The animal fat on the top was used for other cooking over the course of the next week but the dripping was collected and dripped over boiled potatoes, spread between thick slabs of homemade bread for impromptu lunch and added to soups for extra taste.

And it was tasty - concentrated meat, salt and herbs from the roasted meats - a comfort food like no other!

These days, living in China, I cannot wait for the cold weather to bite the fingers and the air to fog and chill - the main reason is a delicacy that reminds me of my childhood so well! This is Yang Rou Tang (Mutton Soup).
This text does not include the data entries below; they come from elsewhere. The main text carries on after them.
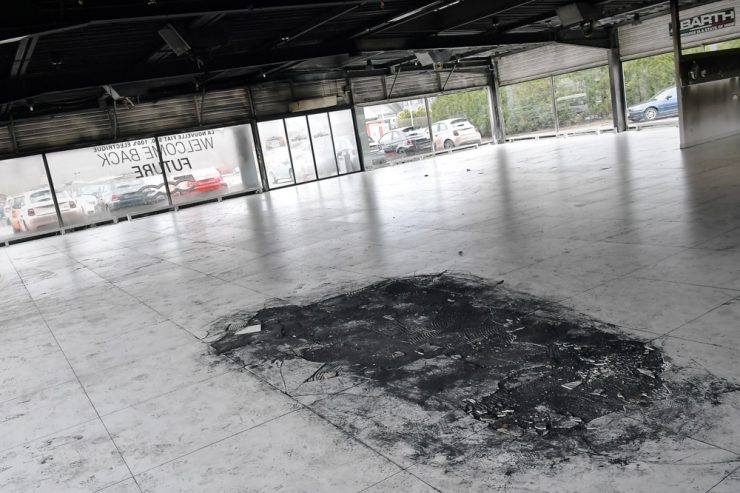 Auto verbrennt in Autohaus Chlecq / Provisorium für drei bis vier Monate im ehemaligen Garage Muzzolini in Aussicht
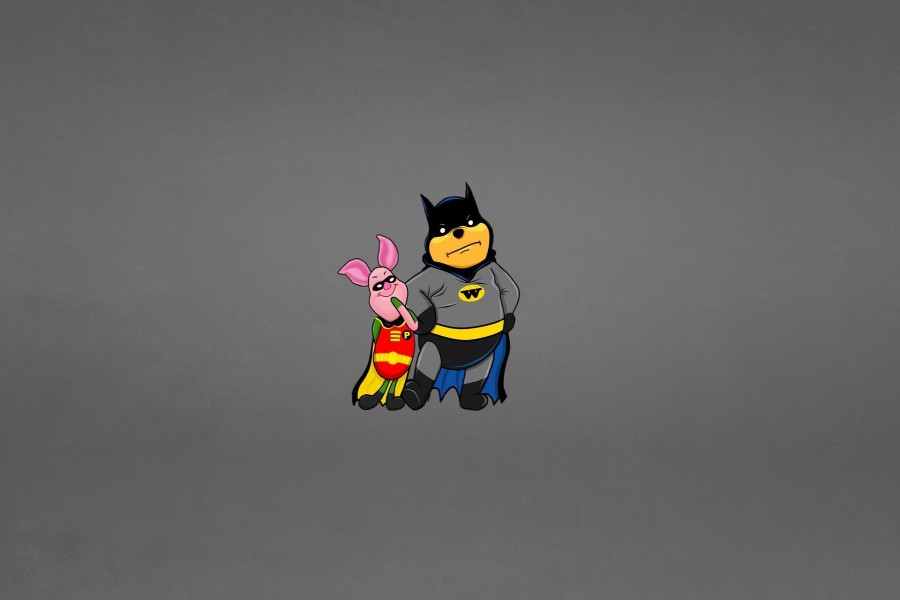 Winnie the Pooh vestido de Batman y su amigo Piglet de Robin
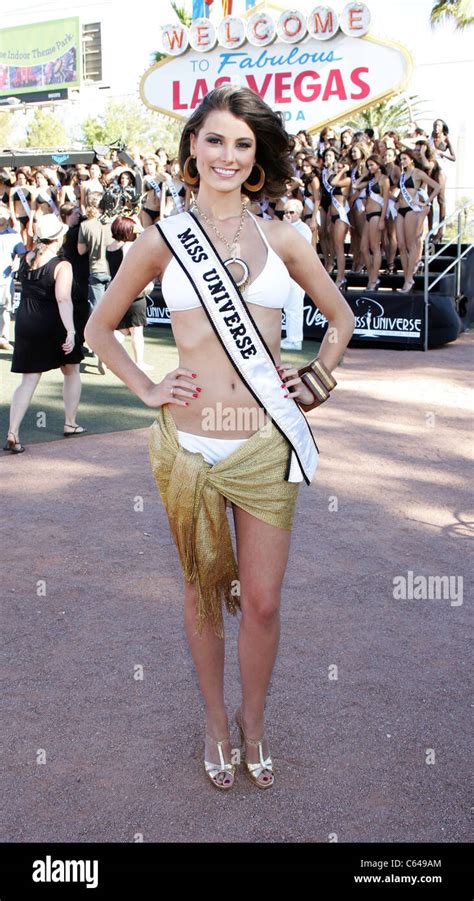 Stefania Fernandez Miss Universe 2009 Bei Einem öffentlichen Auftritt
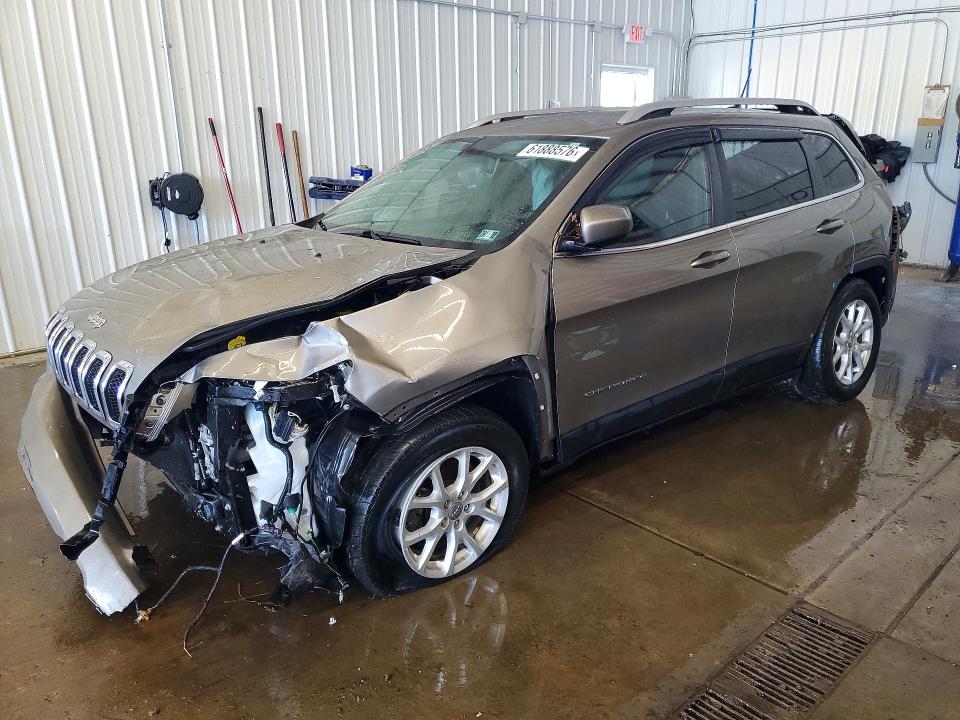 Фото 1 с аукциона – 2016 JEEP CHEROKEE с VIN 1C4PJMCS2GW253845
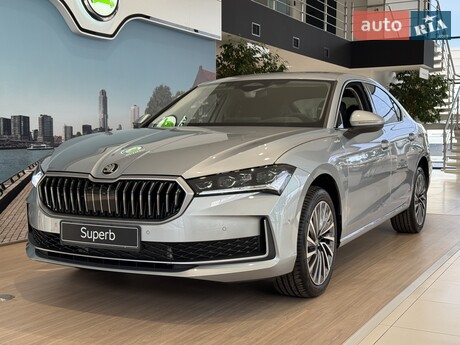 Skoda Superb 2025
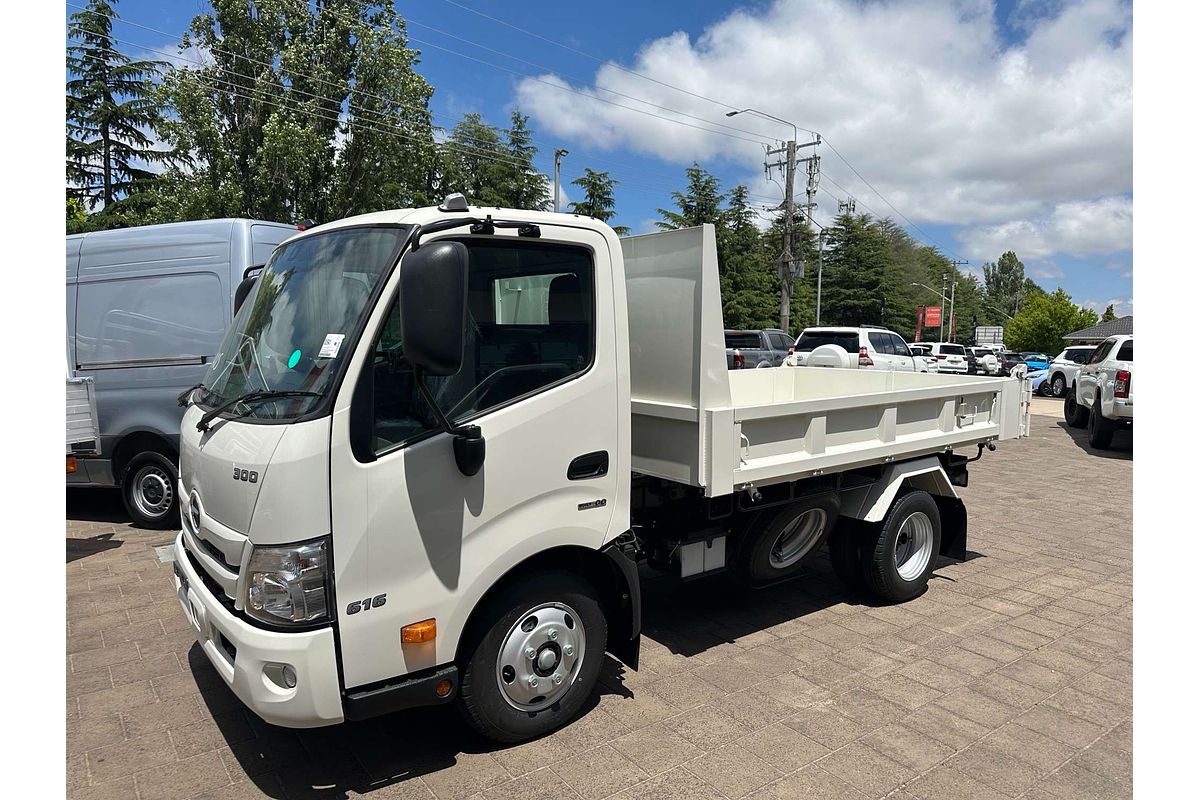 2025 Hino 300 Series 616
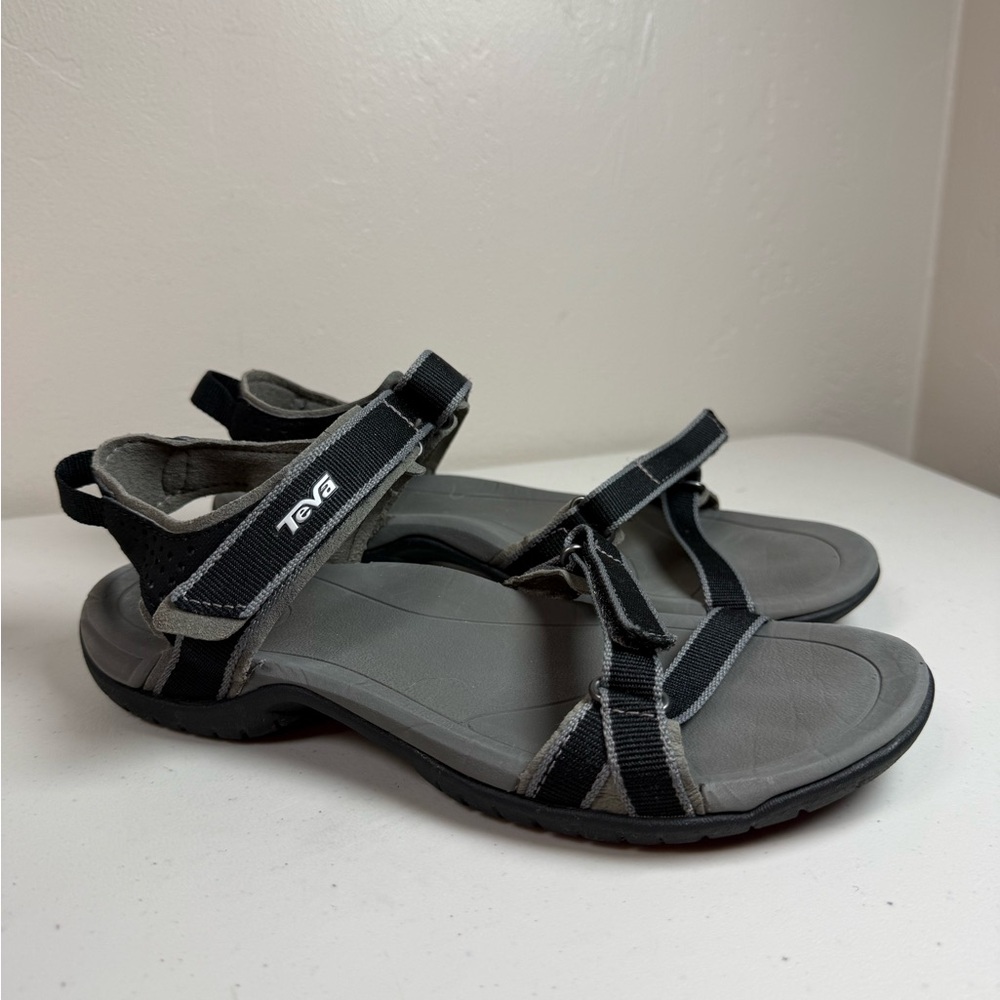 Teva Verra women's sandals in a black and grey size 5.5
When I first came to China many moons ago, the street frequented by the ’night people’ had about 30 little storefront offering this dish - they were identified by a small glaring lightbulb hanging forlornly over a greasy glass display case - inside slabs of grey and white boiled mutton sat on trays and a large pot of steaming soup would simmer away on a single gas burner.
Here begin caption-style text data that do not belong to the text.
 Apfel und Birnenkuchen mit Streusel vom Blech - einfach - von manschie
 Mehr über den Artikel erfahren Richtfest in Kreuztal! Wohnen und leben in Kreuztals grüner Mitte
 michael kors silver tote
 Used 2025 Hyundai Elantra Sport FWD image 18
The owner, usually a small wiry man or an older portly woman would reach in to the tray, grab a slab of mutton and roughly chop a mash of meat with a gnarly old cleaver.
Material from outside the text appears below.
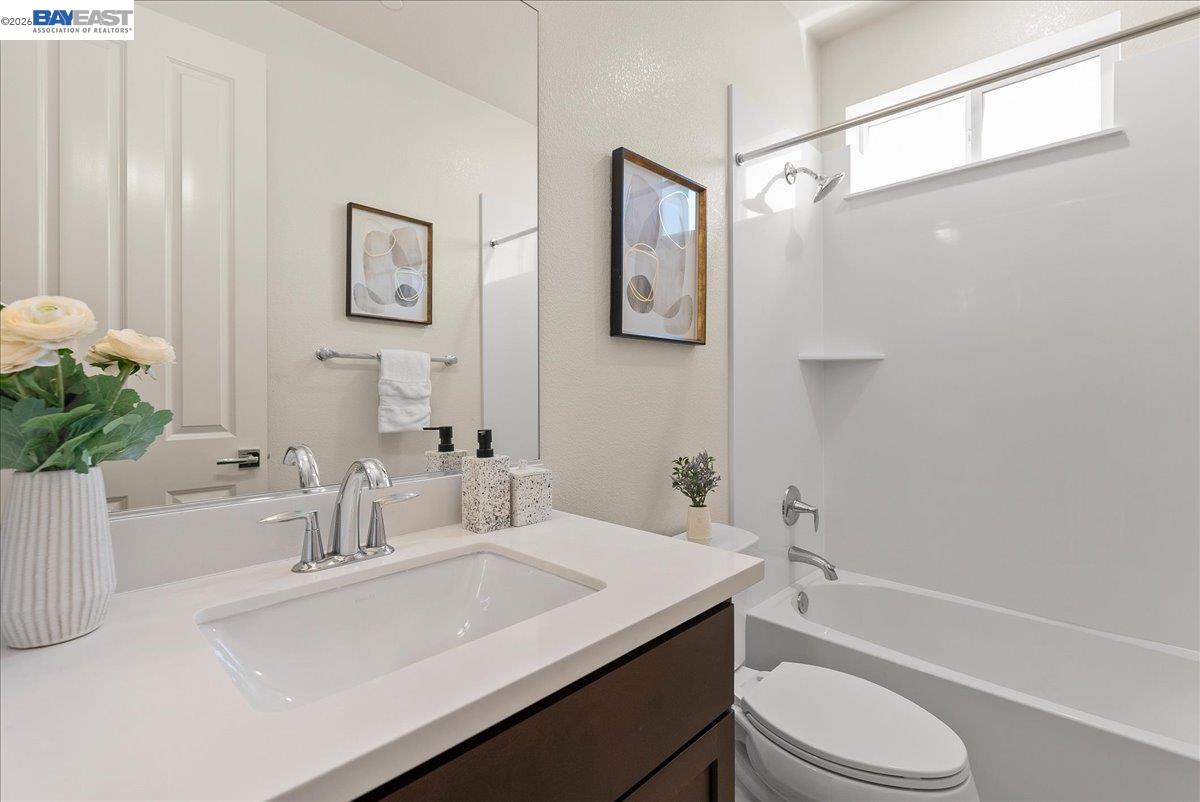 Detail Gallery Image 21 of 39 For 730 Amalfi Loop, Milpitas,  CA 95035 - 3 Beds | 3/1 Baths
No Food Safety Inspector or latex gloves here, they would scrape the meat and fat up from the pitted chopping board with bare hands, toss it into a small wire cage and drop this into the soup.

Wiping greasy hands on an equally greasy apron, the chef would take a cracked bowl, wet with the cold water rinse after the last customer and toss in some other ingredients - a few chopped shallots, a heavy pinch of salt, a stick of chilli paste, some other pastes and powders from undisclosed bottles then opening the huge pot and disappearing in a spiral of steaming soup fume, would emerge with a full bowl of yellowy fatty goodness, strongly gamey, greyish meat and a deceiving smile.

Pushing deep into the back of the room, you would pull up a stool at whatever space was open, splash in a little vinegar and attack the dish with gusto.

These shop fronts were seasonal so no expense was wasted with decorations, heating or cleaning - wonky tables of chipped paint, mismatched plastic stools with their pattena of greasy dirt up the legs, napkins and chopsticks riddling the floors and people huddled inside great overcoats noisily slurping the soup. Looking up from your bowl, face red from the chilli steam as it clawed at your eyes you might meet a fellow person of the night; a taxi driver, a streetsweeper, a bar worker, a hooker on her way home after the last customer has stumbled out the door! Those were the days!

Nowadays I have to search quite hard down the back alleys to find the true survivors of this food. The rents in the old street have skyrocketed and the stalls first moved to the extreme ends of the street. Now they are down the darker and more foreboding alleys, perched half on the street and half in some small alcove. They are darker, less cheery, colder affairs! Eating, not communing!

Or maybe the heart is a little more like this...a little colder, less fascinated with the ebb and flow of life based around the darkened streets and the foreboding doorways.

But I know one thing, wrapping your fingers round a slightly greasy hot bowl of Yang Rou Tang on a cold and lonely night is a good way of snatching a few moments of childhood memories from a distant land! Drink up!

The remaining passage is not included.